This site is obsolete. Please use NetApp FAS NFSConnector product from now.netapp.com
The Hadoop NFS Connector allows Apache Hadoop (2.2+) and Apache Spark (1.2+) to use a NFSv3 storage server as a storage endpoint. The NFS Connector supports two modes: (1) secondary filesystem - where Hadoop/Spark runs using HDFS as its primary storage and can use NFS as a second storage endpoint, and (2) primary filesystem - where Hadoop/Spark runs entirely on a NFSv3 storage server.
The code is written in a way such that existing applications do not have to change. All one has to do is to copy the connector jar into the lib/ directory of Hadoop/Spark. Then, modify core-site.xml to provide the necessary details.
NOTE: The code is in beta. We would love for you to try it out and give us feedback.
This is the first release and it does the following:
- Connects to a NFSv3 storage server supporting AUTH_NONE or AUTH_SYS authentication method.
- Works with Apache Hadoop (vanilla) 2.2 or newer, Hortonworks HDP 2.2 or newer
- Supports all operations defined by the Hadoop FileSystem interface.
- Pipelines the READ/WRITE requests to utilize the underlying network (works fine with 1GbE and 10GbE networks)
We are planning to add these in the near future:
- Ability to connect to multiple NFS endpoints (multiple IP addresses). This allows for even more bandwidth.
- Integrate with Hadoop user authentication
Once the NFS connector is configured, you can easily invoke it from the command-line using the Hadoop shell.
console> bin/hadoop fs -ls nfs://<nfs-server-hostname>:2049/ (if using as secondary filesystem)
console> bin/hadoop fs -ls / (if using as default/primary filesystem)
When new jobs are submitted, you can simply provide it as an input or output path or both:
(assuming NFS is used as a secondary filesystem)
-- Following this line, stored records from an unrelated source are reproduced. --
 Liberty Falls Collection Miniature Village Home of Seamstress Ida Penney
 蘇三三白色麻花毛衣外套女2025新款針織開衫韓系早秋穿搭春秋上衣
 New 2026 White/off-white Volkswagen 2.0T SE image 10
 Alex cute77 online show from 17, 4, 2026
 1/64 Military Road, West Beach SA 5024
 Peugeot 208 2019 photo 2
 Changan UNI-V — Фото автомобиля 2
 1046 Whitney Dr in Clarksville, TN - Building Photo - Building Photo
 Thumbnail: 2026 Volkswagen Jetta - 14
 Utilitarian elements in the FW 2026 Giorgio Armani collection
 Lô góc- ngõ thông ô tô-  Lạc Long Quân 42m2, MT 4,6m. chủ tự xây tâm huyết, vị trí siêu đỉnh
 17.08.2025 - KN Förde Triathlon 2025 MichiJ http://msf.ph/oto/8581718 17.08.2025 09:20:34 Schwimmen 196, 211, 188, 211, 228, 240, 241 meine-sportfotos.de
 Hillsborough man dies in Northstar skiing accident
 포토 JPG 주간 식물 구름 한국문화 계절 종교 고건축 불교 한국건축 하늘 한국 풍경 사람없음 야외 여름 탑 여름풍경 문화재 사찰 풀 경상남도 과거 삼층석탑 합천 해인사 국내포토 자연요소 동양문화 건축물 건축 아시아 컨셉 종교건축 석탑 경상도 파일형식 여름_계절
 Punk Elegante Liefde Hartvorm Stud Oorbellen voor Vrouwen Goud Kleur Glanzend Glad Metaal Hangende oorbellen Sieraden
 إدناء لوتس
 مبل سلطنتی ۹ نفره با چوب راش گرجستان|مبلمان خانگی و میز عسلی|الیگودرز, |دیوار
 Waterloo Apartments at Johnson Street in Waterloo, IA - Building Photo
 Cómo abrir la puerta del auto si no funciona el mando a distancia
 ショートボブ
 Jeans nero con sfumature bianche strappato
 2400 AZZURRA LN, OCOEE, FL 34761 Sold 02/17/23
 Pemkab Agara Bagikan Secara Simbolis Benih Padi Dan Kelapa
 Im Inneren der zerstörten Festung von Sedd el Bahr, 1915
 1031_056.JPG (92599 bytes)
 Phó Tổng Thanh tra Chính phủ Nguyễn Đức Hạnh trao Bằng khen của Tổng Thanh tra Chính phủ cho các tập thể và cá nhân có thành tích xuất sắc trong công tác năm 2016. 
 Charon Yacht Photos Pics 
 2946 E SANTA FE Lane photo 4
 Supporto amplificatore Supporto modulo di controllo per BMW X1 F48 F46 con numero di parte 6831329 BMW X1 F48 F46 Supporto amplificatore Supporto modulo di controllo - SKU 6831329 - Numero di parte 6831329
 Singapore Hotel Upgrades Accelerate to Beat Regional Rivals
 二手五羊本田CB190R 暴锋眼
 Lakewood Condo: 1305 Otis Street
console> bin/hadoop jar <path-to-examples> jar terasort nfs://<nfs-server-hostname>:2049/tera/in /tera/out
console> bin/hadoop jar <path-to-examples> jar terasort /tera/in nfs://<nfs-server-hostname>:2049/tera/out
console> bin/hadoop jar <path-to-examples> jar terasort nfs://<nfs-server-hostname>:2049/tera/in nfs://<nfs-server-hostname>:2049/tera/out
- Compile the project ``` console> mvn clean package ```
- Copy the jar file to the shared common library directory based on your Hadoop installation. For example, for hadoop-2.4.1: ``` console> cp target/hadoop-connector-nfsv3-1.0.jar $HADOOP_HOME/share/hadoop/common/lib/ ```
- Add parameters of NFSv3 connector into core-site.xml located in Hadoop configuration directory (e.g., for hadoop-2.4.1: $HADOOP_HOME/conf) ``` fs.defaultFS nfs://:2049 fs.nfs.configuration /nfs-mapping.json fs.nfs.impl org.apache.hadoop.fs.nfs.NFSv3FileSystem fs.AbstractFileSystem.nfs.impl org.apache.hadoop.fs.nfs.NFSv3AbstractFilesystem ```
- Start Hadoop. NFS can now be used inside Hadoop.